O pleito de alguns partidos para a anulação da cláusula de barreira não consulta ao interesse público e deve ser rejeitado pela Justiça; esse dispositivo representa um passo, limitado mas concreto, para o aperfeiçoamento da democracia brasileira, ao aproximar o processo político da "verdade eleitoral". O que se espera é que, no bojo das lições do período em conclusão caracterizado por escândalos que ampliaram a dificuldade para governar o país avance no rumo das reformas de natureza política: fidelidade partidária, financiamento público de campanhas, voto em deputados por lista e sistema distrital. Embora não seja realista acreditar em todas essas mudanças, trata-se do avanço possível.
Por isso se impõe consolidar a observância da clausula de desempenho da Lei 9096, de 1995, que estabeleceu critérios para o reconhecimento pleno dos partidos: o funcionamento parlamentar, com direito à instalação de gabinetes de liderança e participação nas comissões, acesso ao fundo partidário e direito à propaganda eleitoral fica restrito a legendas que tenham obtido um mínimo dos votos gerais, distribuídos pelos estados federados.
Sob tal regra é aceitável a fusão de pequenas legendas, desde que a Justiça Eleitoral exija a garantia de vínculo obrigatório e irrevogável na unificação requerida. Não pode ser fusão "para inglês ver", embuste para neutralizar o cumprimento da exigência legal. A vigência da cláusula restritiva e, na seqüência, a concretização de uma reforma possível é de interesse do próprio governo, que se dispõe limitar suas negociações às bancadas partidárias para evitar a repetição do erro de 2003, restaurando o presidencialismo de coalizão em bases sustentáveis.

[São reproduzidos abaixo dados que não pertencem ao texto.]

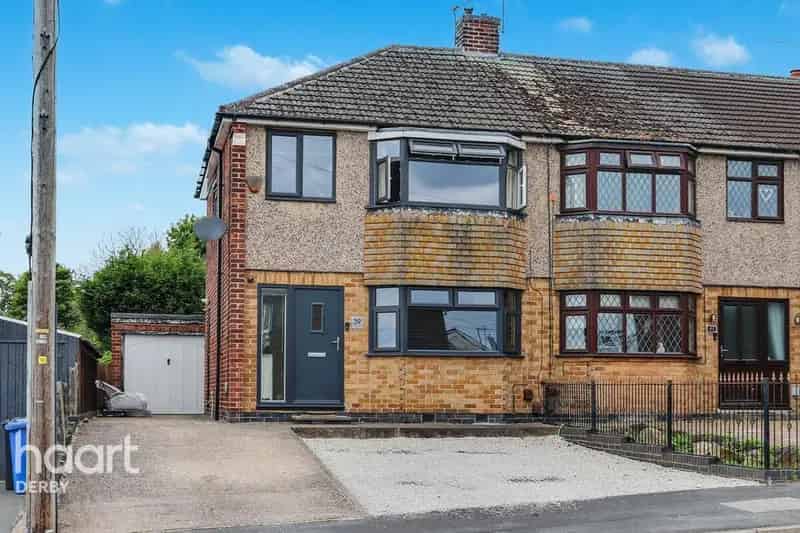 3 Bedroom Semi Detached House For Sale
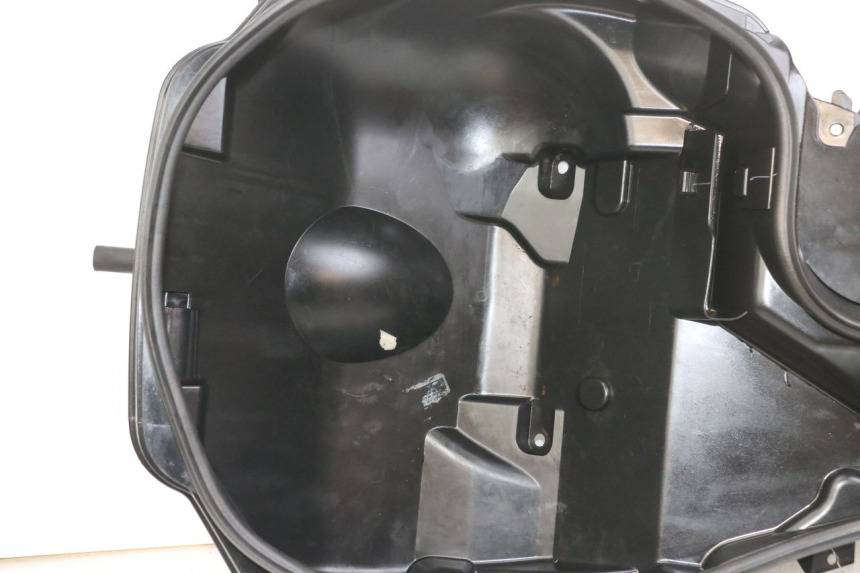 photo de UNDERSEAT STORAGE SUZUKI BURGMAN 125 (2018 - 2021) - Technical close-up
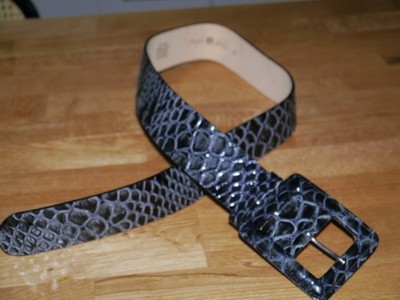 Jenifer & Julia Damen Gürtel Hüftgürtel Reptil Echt Leder Grau Gr. 85 cm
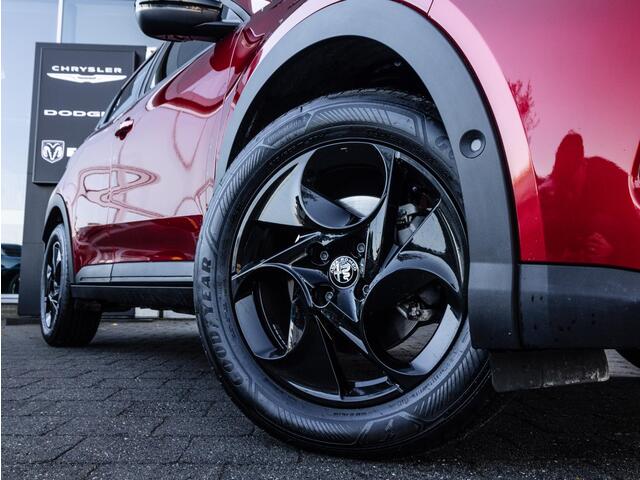 Alfa Romeo Junior 1.2 Turbo Hybrid Ibrida Speciale | ACC | LED |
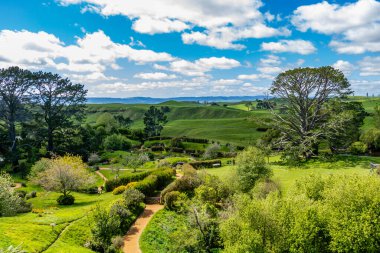 Hobbiton 'un film setinin etrafında bir yürüyüş çok renkli ve çok kalabalık bir turistik cazibedir. Matamata, Waikato, Yeni Zelanda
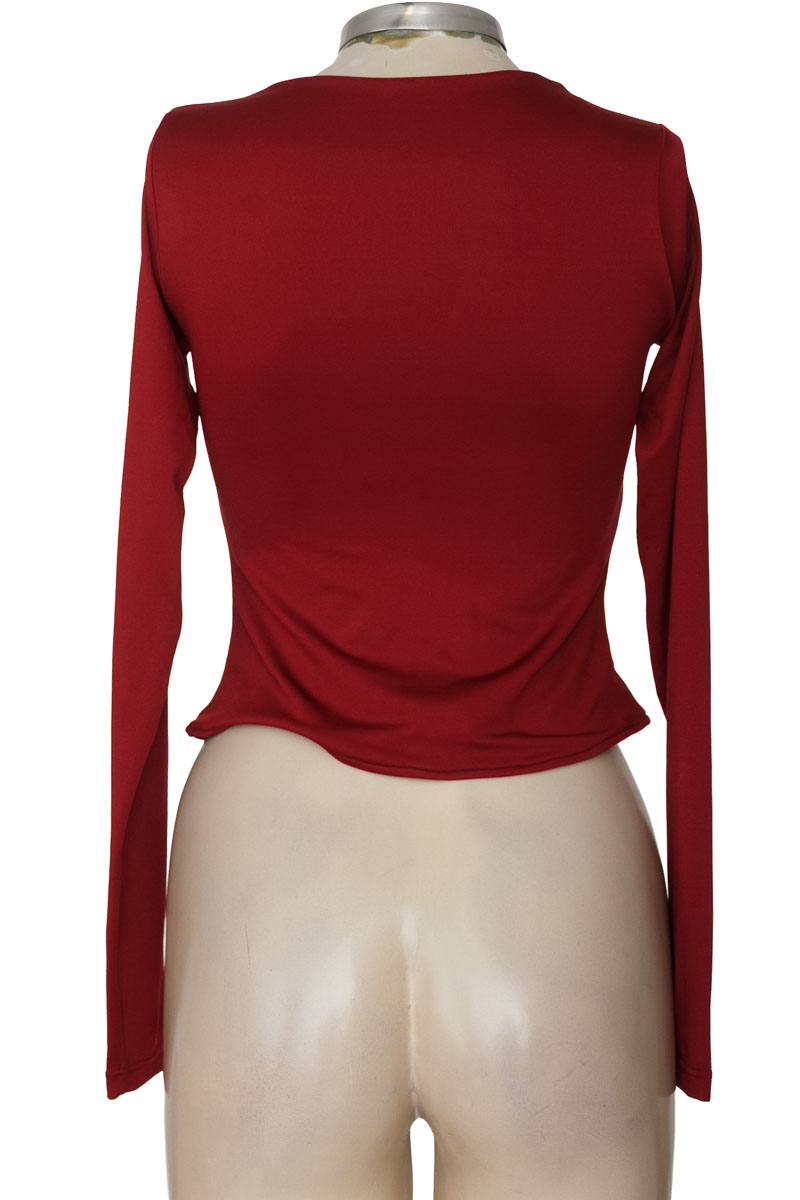 Top / Camiseta color Vinotinto - Closeando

Essa ampliação do coeficiente de democracia é um objetivo de nossa sociedade desde a independência: a primeira Constituição, de 1824, limitava a participação política a menos de 3% da população, ao criar obstáculos ao direito de voto para a maioria do povo. No II Império a Lei Saraiva, reforma feita já na véspera da República, ampliou esse colégio eleitoral mas deixou de fora, ainda, as mulheres e os analfabetos. O advento do regime republicano aumentou a participação popular; mas "eleições a bico de pena", sob pressão de chefetes regionais, foram uma das causas da Revolução de 1930, que na continuidade com a redemocratização de 1946, sepultou o domínio daquelas oligarquias ao introduzir o voto secreto, serviço eleitoral autônomo e outras garantias.
Infelizmente na ocasião optou-se pelo voto proporcional na escolha de deputados, situação agravada com a liberalidade na formação de partidos após o ciclo autoritário de 1964-85. Nesse último período, típico da diástole política a que se referia Golbery do Couto e Silva, ocorreu fragmentação irresponsável na representação parlamentar com as conseqüências conhecidas. Conscientes de que tal cenário enseja riscos para a democracia, é hora de adotarmos uma reforma capaz de contribuir para a evolução do país.